La delgada capa de la civilización
"Las personas se vuelven animales ante nuestros propios ojos."
—Diario ruso, Segunda Guerra Mundial.
Esa
frase, escrita con tinta temblorosa en medio del horror, nos enfrenta a
una verdad incómoda: la civilización, esa que damos por segura, no es
un rasgo natural del ser humano. Es una construcción frágil, sostenida
por normas, leyes, costumbres y por la vigilancia constante de nuestra
propia conciencia.

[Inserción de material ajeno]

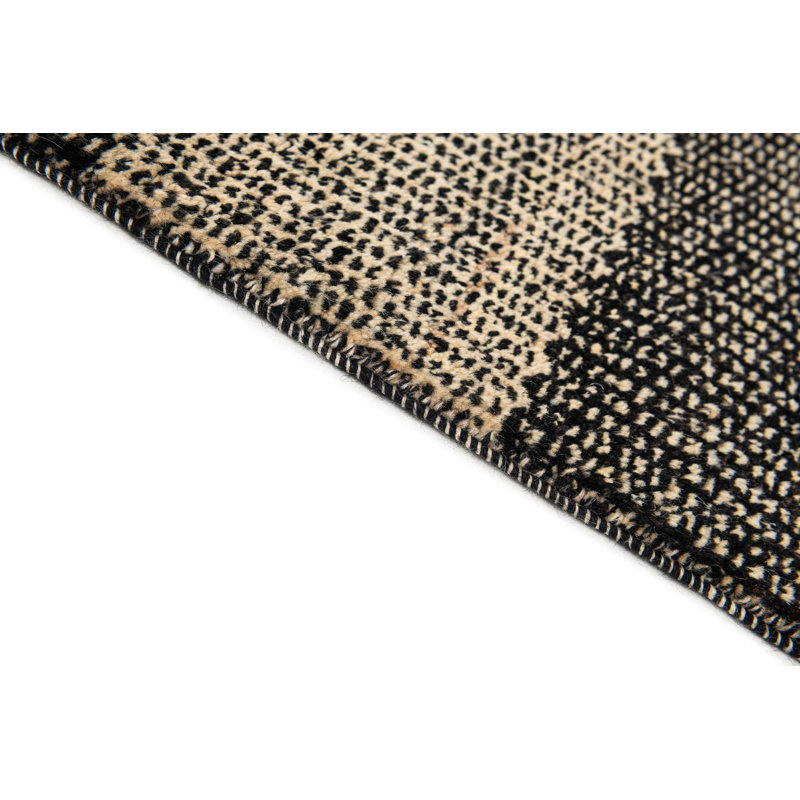 Tapis noir et blanc Neff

Cuando esas condiciones desaparecen, el velo se rasga
y emerge algo más primitivo, más salvaje, que convive con nosotros
desde siempre.
Filosofía y naturaleza humana
Thomas
Hobbes lo expresó con crudeza: “El hombre es un lobo para el hombre”.

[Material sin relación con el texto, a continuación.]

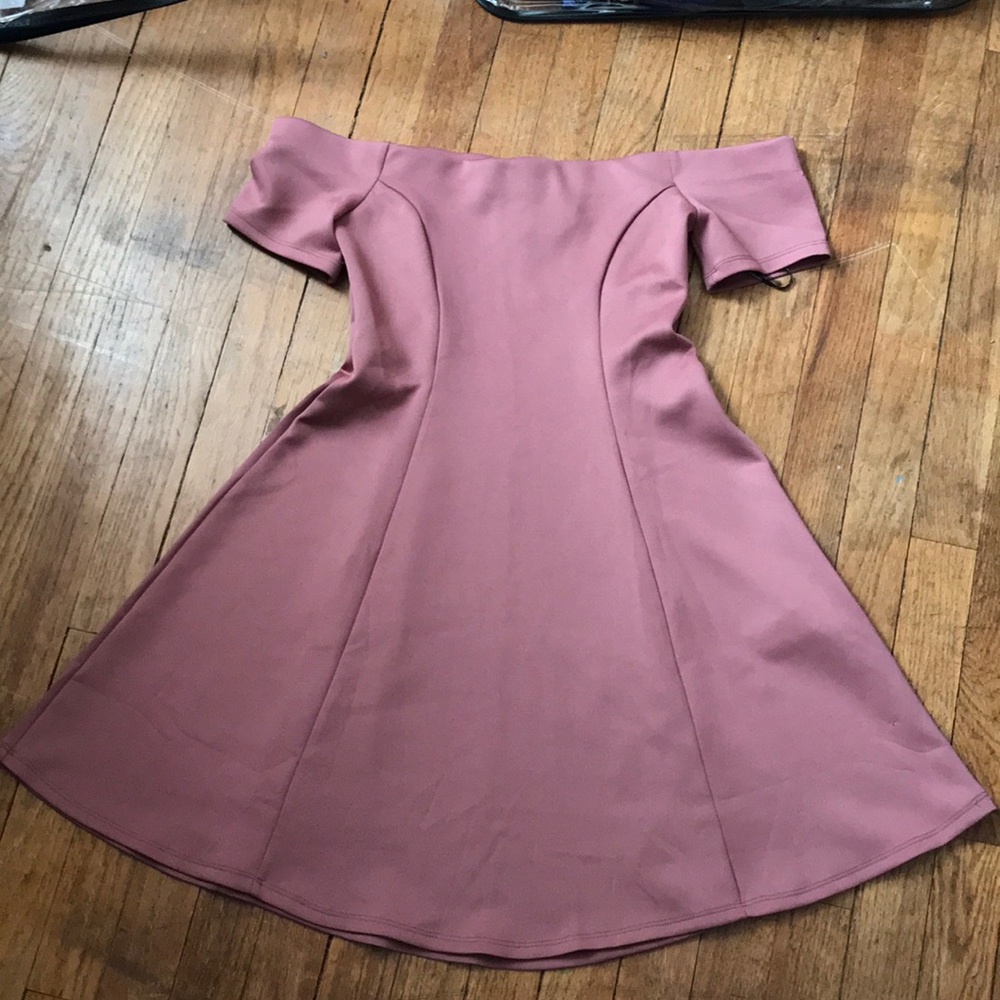 Short sleeve off the shoulder dress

Según él, sin un Estado que imponga reglas, viviríamos en una guerra
perpetua, donde cada quien lucha por su supervivencia. La Segunda Guerra
Mundial, con sus genocidios y destrucción masiva, parece darle la
razón: cuando las instituciones y normas colapsan, la violencia se
convierte en moneda corriente.
Jean-Jacques
Rousseau, en cambio, veía lo humano desde un ángulo distinto. Para él,
el hombre nace bueno y pacífico, y es la civilización la que lo
corrompe. La guerra, la injusticia, el hambre forzada: todo esto, según
Rousseau, revela no nuestra “animalidad” innata, sino la deformación que
genera un sistema que falla en cuidar a sus miembros.
Sigmund
Freud añadió otra capa: la civilización exige reprimir deseos agresivos
y sexuales, creando tensiones internas que pueden estallar. La
violencia en tiempos de guerra no surge de la nada; es un estallido de
pulsiones reprimidas cuando la represión social se derrumba.
Testimonios del límite
Primo
Levi, sobreviviente de Auschwitz, nos recuerda que no hay héroes
absolutos ni monstruos permanentes. Bajo condiciones extremas, la
dignidad y la brutalidad aparecen entremezcladas: algunos mantienen su
humanidad, otros ceden al instinto de supervivencia. La guerra no
inventa la maldad; simplemente revela lo que llevamos dentro.
Reflexión final
La
civilización es real, pero es frágil. No somos naturalmente civilizados
ni naturalmente crueles; somos ambos, y la vida social —sus normas, su
orden— nos ayuda a sostener el equilibrio. Cuando ese equilibrio se
rompe, lo primitivo se manifiesta, a veces en formas que nos horrorizan y
otras en formas que nos conmueven.
Hoy,
al mirar noticias sobre violencia, pobreza extrema o conflictos
olvidados por los grandes medios, podemos ver ecos de esos diarios de
guerra: recordatorios de que la civilización no se mantiene por sí sola.
Requiere conciencia, esfuerzo y vigilancia constante. Nuestra
“animalidad” no es una condena; es una advertencia.